About two dozen people chipped in Saturday to renovate and spruce up Family Promise of Effingham County’s day center in Springfield.

Volunteers from Gulfstream Aerospace and Effingham’s Rotary Clubs packed several days’ worth of projects into one morning. They built a new wheelchair ramp, painted indoor walls, hung shelves, cleared debris from the grounds and revamped the back yard with landscaping, a fence and picnic table.

“It was a lot of different projects that we had, from small to big ones,” said Ashley Moore, Family Promise of Effingham’s executive director. “We got a lot of those done, so we’re excited.”

The day center renovation was one of the local projects as part of the National Day of Service and Remembrance.

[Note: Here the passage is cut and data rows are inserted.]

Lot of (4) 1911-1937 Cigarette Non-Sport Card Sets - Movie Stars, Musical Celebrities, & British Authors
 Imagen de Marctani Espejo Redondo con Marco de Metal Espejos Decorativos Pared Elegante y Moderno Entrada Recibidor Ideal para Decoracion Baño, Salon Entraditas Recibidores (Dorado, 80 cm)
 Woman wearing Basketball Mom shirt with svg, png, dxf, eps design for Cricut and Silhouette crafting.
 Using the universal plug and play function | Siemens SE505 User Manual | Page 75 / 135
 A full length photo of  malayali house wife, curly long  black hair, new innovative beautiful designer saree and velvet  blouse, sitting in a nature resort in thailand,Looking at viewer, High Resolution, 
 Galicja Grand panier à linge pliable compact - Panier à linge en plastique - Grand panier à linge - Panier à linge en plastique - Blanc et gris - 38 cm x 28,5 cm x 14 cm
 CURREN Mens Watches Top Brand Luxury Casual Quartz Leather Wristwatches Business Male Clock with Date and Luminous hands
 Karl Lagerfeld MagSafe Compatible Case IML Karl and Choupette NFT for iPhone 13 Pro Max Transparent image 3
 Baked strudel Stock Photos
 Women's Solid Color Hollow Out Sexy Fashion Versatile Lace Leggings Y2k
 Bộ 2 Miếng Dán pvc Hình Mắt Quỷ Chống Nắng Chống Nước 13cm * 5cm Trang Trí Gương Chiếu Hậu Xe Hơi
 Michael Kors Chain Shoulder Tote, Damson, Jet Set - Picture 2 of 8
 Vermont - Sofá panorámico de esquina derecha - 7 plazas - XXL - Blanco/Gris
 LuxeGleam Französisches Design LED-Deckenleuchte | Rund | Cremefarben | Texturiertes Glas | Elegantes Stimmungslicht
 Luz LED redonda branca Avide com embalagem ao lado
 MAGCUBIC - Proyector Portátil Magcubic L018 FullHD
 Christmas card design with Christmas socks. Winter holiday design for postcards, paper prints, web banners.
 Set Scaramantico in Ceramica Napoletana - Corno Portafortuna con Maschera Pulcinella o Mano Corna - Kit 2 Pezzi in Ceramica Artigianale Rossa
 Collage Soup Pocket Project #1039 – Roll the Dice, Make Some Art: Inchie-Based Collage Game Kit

The nationwide effort began in 2002 as a way to honor the victims, survivors and emergency responders from the 9/11 terrorist attacks.

“God has blessed us with a lot of things, and we just want to give back,” said Gulfstream employee Kevin Moore, who volunteered along with his wife Kerri. “Every opportunity we can find to give back to the community, that’s exactly what we’re going to do.”

Family Promise uses the day center in its mission to help homeless families. Local churches host a family for a week at a time, and the day center provides showers, closet space, a washer and dryer and an office area for the family to look online for employment or housing.

“I just love to help people,” Kerri Moore said. “Even if you never meet the families that live here, you know that they’re being helped out.”

Family Promise of Effingham began hosting its first family — a husband and wife and their four children — this summer. The organization recently welcomed its second family, a mother and daughter.

Neither of the families were at the day center while the volunteers were working. The helpers didn’t mind that they would be long gone when the families returned.

“You just smile on the inside thinking of what they’re going to think when they get back,” said Roger Bowman, who coordinated Gulfstream’s volunteer group.

Along with the volunteer workers, other people made donations through Thrivent Financial Services toward materials for the projects. Also, a Rotary member donated supplies and the organization Hands On Savannah contributed funds, according to Moore.

“We run on volunteers,” she said. “So without those people coming out and giving, we wouldn’t be able to do what we do. We’re very fortunate and thankful for them.”